(Beginning of RECORD EXCERPTS)
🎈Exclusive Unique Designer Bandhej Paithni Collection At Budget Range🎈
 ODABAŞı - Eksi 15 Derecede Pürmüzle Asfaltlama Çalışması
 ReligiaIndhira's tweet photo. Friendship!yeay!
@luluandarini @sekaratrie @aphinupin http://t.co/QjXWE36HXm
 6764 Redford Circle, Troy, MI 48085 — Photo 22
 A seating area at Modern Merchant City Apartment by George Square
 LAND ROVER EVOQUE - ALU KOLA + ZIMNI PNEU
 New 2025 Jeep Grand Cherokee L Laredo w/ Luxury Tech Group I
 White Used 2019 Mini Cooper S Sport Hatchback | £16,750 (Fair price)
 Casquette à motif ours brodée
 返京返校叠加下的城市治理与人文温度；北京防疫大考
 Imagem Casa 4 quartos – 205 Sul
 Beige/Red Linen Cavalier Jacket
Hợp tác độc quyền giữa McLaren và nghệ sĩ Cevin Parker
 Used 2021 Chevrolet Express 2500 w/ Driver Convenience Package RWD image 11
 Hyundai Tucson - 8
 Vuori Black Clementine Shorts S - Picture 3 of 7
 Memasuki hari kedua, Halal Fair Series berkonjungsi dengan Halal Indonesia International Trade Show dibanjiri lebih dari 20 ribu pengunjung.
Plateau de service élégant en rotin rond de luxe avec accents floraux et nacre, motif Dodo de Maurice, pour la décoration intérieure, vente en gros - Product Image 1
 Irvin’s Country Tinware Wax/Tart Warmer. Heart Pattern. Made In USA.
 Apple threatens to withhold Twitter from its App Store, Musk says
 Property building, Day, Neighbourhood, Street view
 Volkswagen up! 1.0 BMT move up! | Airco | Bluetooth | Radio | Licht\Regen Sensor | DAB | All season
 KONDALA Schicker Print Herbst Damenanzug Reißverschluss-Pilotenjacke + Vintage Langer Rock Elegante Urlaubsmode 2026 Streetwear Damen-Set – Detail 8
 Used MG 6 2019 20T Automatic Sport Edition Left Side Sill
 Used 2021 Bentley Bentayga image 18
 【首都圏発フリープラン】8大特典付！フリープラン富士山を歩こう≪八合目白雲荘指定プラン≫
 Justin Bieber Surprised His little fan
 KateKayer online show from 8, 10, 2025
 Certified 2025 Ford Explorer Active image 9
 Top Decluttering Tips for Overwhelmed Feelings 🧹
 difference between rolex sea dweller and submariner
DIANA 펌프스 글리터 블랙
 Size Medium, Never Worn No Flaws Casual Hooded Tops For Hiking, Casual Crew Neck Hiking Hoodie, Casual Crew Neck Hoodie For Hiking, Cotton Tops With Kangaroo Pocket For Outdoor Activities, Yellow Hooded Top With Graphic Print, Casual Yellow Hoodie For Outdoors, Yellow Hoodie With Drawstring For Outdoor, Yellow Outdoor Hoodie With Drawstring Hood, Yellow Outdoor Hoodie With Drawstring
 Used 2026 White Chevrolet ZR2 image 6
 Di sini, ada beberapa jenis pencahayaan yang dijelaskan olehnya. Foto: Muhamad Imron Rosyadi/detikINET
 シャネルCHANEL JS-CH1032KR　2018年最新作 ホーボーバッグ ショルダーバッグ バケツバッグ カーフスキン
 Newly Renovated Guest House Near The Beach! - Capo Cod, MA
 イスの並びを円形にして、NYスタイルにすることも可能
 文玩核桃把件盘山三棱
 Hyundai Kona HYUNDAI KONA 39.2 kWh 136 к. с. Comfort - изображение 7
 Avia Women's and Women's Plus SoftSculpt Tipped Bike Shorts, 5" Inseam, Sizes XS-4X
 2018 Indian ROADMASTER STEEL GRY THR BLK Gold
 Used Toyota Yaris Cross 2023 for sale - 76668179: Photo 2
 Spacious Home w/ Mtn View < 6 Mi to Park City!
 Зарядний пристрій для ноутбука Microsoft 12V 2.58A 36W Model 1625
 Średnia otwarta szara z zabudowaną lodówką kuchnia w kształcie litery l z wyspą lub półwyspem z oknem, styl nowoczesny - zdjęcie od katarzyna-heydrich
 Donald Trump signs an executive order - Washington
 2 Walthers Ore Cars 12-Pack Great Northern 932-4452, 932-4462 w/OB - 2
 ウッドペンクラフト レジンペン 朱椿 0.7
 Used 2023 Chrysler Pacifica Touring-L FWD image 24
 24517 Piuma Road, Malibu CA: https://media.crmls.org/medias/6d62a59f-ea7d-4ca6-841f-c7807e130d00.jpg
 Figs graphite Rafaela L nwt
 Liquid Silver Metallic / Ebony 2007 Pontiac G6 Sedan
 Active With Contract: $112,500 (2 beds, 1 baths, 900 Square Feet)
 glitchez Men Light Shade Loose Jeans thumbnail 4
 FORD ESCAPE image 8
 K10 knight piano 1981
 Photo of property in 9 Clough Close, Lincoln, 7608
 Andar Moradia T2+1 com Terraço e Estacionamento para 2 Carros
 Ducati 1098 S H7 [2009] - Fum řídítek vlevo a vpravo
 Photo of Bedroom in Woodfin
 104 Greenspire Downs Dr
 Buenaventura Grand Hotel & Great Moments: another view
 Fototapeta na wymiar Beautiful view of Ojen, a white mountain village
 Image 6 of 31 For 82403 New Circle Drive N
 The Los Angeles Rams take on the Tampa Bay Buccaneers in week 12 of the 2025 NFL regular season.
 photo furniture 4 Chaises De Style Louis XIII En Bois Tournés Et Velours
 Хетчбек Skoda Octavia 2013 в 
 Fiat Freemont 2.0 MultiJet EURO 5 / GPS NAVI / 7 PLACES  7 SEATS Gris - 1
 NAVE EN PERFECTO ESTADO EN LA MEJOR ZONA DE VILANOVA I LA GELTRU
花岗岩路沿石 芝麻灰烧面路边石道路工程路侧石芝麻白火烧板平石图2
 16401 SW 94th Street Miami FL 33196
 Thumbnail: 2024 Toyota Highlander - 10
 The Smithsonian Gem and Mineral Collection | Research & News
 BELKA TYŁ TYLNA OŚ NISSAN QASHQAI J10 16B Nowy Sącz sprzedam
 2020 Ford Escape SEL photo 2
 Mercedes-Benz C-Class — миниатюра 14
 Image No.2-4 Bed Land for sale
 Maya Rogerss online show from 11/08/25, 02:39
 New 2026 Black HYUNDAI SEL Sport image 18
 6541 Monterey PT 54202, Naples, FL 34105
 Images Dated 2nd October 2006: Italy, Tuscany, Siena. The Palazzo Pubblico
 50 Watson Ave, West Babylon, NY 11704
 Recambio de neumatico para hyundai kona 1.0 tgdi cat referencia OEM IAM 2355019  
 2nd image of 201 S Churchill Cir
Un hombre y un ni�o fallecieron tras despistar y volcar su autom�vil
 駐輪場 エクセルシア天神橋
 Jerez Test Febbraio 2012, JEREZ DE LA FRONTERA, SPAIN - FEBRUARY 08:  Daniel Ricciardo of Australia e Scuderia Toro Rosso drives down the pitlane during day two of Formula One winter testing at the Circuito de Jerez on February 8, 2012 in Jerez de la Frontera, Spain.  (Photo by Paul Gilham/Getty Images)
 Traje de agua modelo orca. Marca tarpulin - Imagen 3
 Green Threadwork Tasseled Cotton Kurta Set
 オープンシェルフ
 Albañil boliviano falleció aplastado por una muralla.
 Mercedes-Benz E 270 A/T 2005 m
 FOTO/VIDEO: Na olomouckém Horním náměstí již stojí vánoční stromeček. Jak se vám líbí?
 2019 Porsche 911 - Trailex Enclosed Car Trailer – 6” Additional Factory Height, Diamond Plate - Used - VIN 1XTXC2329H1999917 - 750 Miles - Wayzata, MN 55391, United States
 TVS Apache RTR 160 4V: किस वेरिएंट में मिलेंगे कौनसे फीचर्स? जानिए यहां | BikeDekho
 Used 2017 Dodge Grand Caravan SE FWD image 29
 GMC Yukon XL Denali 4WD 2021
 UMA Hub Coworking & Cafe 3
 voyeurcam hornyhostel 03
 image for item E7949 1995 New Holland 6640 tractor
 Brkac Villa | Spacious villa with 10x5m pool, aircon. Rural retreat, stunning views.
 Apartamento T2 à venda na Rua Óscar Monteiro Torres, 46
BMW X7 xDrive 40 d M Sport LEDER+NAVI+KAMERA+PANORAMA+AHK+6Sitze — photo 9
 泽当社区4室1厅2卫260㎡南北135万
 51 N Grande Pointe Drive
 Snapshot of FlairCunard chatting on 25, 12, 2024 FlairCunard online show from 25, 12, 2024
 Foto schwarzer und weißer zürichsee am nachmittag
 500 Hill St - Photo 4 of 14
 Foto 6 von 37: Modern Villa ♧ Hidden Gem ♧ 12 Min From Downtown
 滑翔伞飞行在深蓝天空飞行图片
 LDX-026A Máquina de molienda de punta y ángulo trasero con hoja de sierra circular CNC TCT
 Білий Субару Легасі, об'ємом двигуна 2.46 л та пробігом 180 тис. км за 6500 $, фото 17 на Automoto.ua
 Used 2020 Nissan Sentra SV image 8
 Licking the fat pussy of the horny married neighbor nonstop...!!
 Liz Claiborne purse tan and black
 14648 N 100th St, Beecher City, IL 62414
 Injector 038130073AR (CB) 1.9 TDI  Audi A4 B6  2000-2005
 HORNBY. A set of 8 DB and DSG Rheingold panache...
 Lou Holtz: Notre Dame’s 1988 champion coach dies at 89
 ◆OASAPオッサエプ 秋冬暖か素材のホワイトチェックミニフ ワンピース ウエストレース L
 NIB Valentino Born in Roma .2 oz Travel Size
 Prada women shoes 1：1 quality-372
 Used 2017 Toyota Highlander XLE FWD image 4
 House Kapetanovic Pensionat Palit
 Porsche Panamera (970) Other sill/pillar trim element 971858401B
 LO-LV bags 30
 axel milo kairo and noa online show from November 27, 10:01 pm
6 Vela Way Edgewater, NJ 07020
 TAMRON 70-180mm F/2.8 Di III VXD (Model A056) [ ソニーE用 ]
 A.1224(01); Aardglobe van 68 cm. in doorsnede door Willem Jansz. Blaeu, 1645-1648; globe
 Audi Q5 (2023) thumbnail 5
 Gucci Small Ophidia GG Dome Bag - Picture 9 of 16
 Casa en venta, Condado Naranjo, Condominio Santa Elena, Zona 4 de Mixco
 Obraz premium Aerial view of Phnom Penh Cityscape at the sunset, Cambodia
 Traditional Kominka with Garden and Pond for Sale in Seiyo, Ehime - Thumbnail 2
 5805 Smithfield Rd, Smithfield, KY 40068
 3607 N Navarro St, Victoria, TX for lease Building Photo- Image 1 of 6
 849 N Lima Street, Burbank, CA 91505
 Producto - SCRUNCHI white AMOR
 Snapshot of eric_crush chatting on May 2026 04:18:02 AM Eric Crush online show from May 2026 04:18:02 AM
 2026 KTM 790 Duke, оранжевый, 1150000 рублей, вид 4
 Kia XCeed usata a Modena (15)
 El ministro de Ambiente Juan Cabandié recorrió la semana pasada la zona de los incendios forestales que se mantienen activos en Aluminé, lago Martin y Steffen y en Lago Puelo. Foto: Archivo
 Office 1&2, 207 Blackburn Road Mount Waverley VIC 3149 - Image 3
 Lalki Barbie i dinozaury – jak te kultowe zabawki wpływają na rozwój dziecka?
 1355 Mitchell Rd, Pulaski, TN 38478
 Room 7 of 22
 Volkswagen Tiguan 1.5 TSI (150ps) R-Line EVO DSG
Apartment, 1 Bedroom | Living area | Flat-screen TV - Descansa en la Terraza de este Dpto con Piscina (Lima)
(End of RECORD EXCERPTS)
In the entries above, find the line with "LAND ROVER EVOQUE - ALU KOLA + ZIMNI PNEU" and the line with "Vuori Black Clementine", then set down exactly those two and every line between them, nothing else.

 LAND ROVER EVOQUE - ALU KOLA + ZIMNI PNEU
 New 2025 Jeep Grand Cherokee L Laredo w/ Luxury Tech Group I
 White Used 2019 Mini Cooper S Sport Hatchback | £16,750 (Fair price)
 Casquette à motif ours brodée
 返京返校叠加下的城市治理与人文温度；北京防疫大考
 Imagem Casa 4 quartos – 205 Sul
 Beige/Red Linen Cavalier Jacket
Hợp tác độc quyền giữa McLaren và nghệ sĩ Cevin Parker
 Used 2021 Chevrolet Express 2500 w/ Driver Convenience Package RWD image 11
 Hyundai Tucson - 8
 Vuori Black Clementine Shorts S - Picture 3 of 7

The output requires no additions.